Euclidean space \(\mathbf{R}^p\) is the most common space for data analysis, which can be considered as a Riemannian manifold with flat metric. Since the space of matrices is isomorphic to Euclidean space after vectorization, we consider the inputs as \(p\)-dimensional vectors.
Arguments
- input
data vectors to be wrapped as
riemdataclass.
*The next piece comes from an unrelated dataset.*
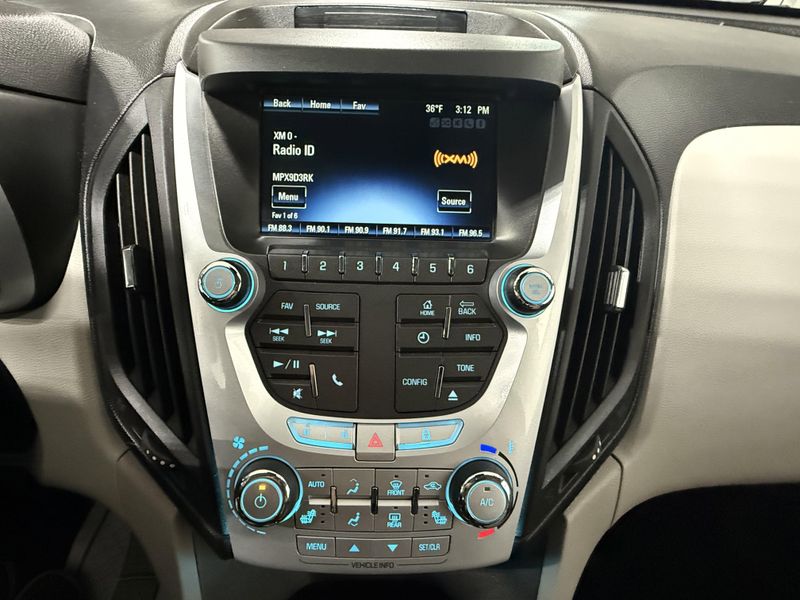 Used 2015 Chevrolet Equinox LTZImage 30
Following inputs are considered,- matrix
an \((n \times p)\) matrix of row observations.
- list
a length-\(n\) list whose elements are length-\(p\) vectors.
Value
a named riemdata S3 object containing
- data
a list of \((p\times 1)\) matrices in \(\mathbf{R}^p\).
- size
dimension of the ambient space.
- name
name of the manifold of interests, "euclidean"
Examples
#-------------------------------------------------------------------
# Checker for Two Types of Inputs
#
# Generate 5 observations in R^3 in Matrix and List.
#-------------------------------------------------------------------
## DATA GENERATION
d1 = array(0,c(5,3))
d2 = list()
for (i in 1:5){
single = stats::rnorm(3)
d1[i,] = single
d2[[i]] = single
}
## RUN
test1 = wrap.euclidean(d1)
test2 = wrap.euclidean(d2)